◆ **Data excerpts**:

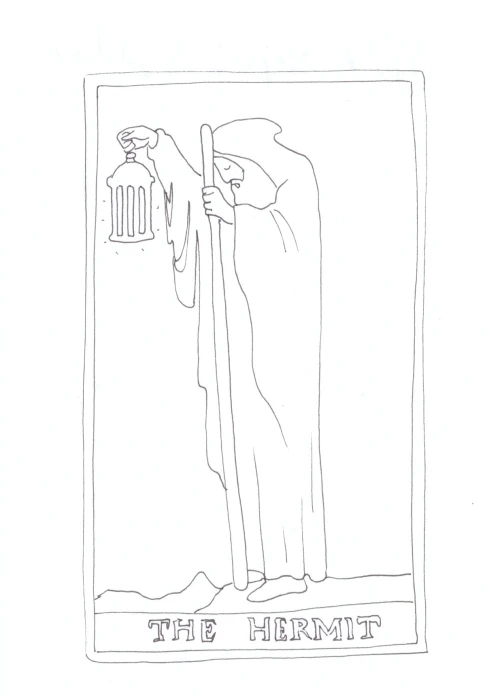 100 Women Challenge — 11 - The Solitary Ones — Ink drawing by Roberta Gattel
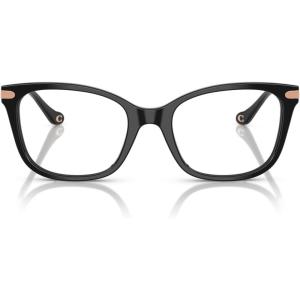 imageCoach Womens Hc6261bu Universal Fit Square Prescription Eyewear FramesBlackDemo Lens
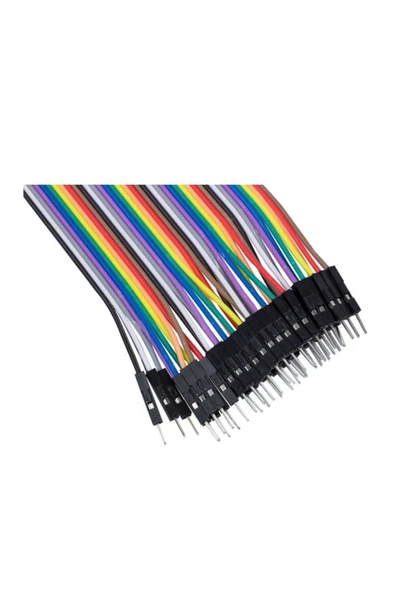 Fapatech 40lı Ayrılabilen Erkek-erkek Jumper Kablo - 20cm- Arduino Uyumlu - Resim 2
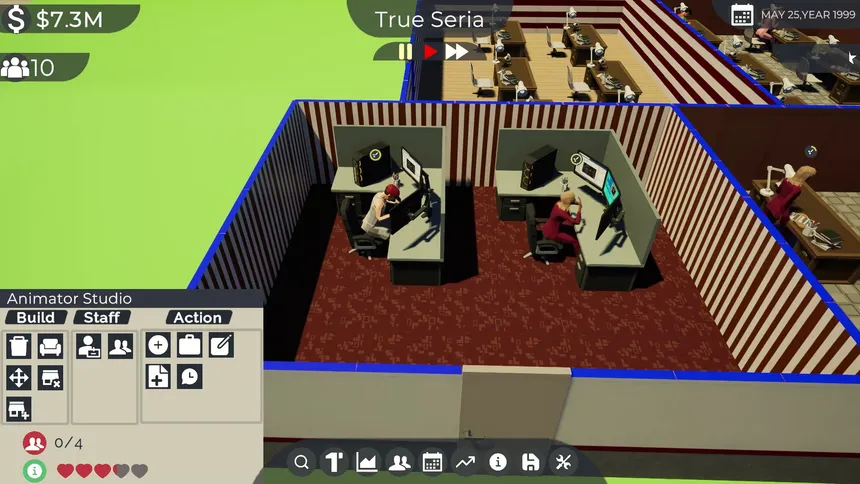 Скриншот 1 к игре Anime Studio Tycoon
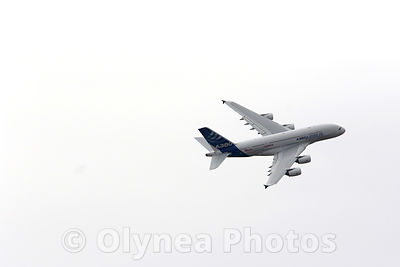 vuelo de demostración del Airbus A380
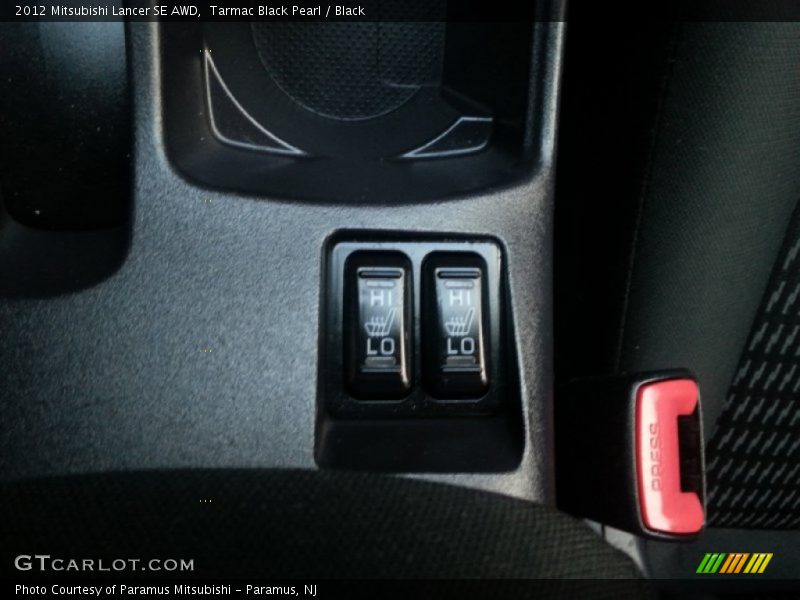 Tarmac Black Pearl / Black 2012 Mitsubishi Lancer SE AWD
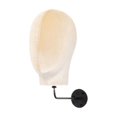 thumbnail image 3 of Gazechimp Wall Mount Mannequin Head Cap Hat Display Rack for Ornament Decoration Store Beige Flannel, 3 of 8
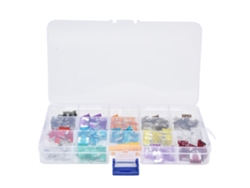 Kit De 140 Fusibles Para Automóvil Con Hoja De Aluminio, Mango Y Estuche De Almacenamiento.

◆ **Assigned task**:
Where an entry contains an image, skip the image; repeat everything else exactly.

◆ **Exercise answer**:
 100 Women Challenge — 11 - The Solitary Ones — Ink drawing by Roberta Gattel
 imageCoach Womens Hc6261bu Universal Fit Square Prescription Eyewear FramesBlackDemo Lens
 Fapatech 40lı Ayrılabilen Erkek-erkek Jumper Kablo - 20cm- Arduino Uyumlu - Resim 2
 Скриншот 1 к игре Anime Studio Tycoon
 vuelo de demostración del Airbus A380
 Tarmac Black Pearl / Black 2012 Mitsubishi Lancer SE AWD
 thumbnail image 3 of Gazechimp Wall Mount Mannequin Head Cap Hat Display Rack for Ornament Decoration Store Beige Flannel, 3 of 8
 Kit De 140 Fusibles Para Automóvil Con Hoja De Aluminio, Mango Y Estuche De Almacenamiento.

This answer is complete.